Confectionery firm Carambar & Co. has completed a EUR35m (US$39.9m) investment under a deal to centralise its operations in France. 

Carambar was formed in 2016 when French investor Eurazeo bought up a clutch of brands from US-based snacks giant Mondelez International, including Poulain, Carambar, Krema, La Pie Qui Chante and Terry’s. The deal also included licensing agreements for Pastilles Vichy, and Pralines Suchard and Malabar. 

A spokesperson told just-food the company had been founded on the principle 100% of its production would be France-based.

The investment took in five production facilities across France, with a plant in Strasbourg getting EUR12m. That site, which lost certain brands retained by Mondelez, is taking on the production of Terry’s chocolate orange previously made in Poland and the Czech Republic, and destined for export to the UK.

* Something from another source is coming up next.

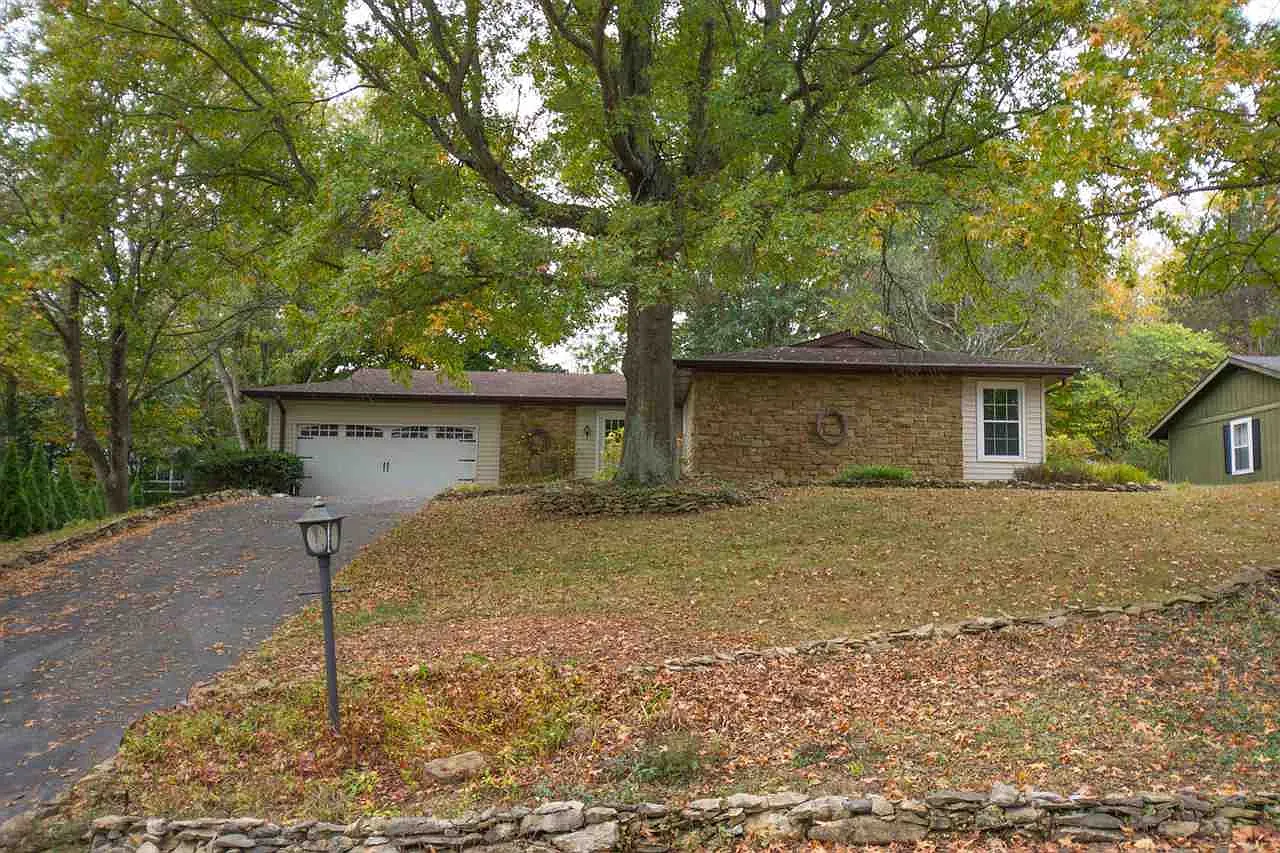 1706 E Caradon Hl photo 1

President and chief executive Thierry Gaillard told French media, in comments confirmed by just-food: “Mondelez became disinterested with chocolates and sweets linked to national markets. Our project is just the opposite, concentrating on brands which are very much identified as being part of a national heritage and where we are trying to develop an export business for them based on France’s good image as a manufacturing country”.
 
Carambar last booked an annual turnover of EUR250m and employs 1,000 people.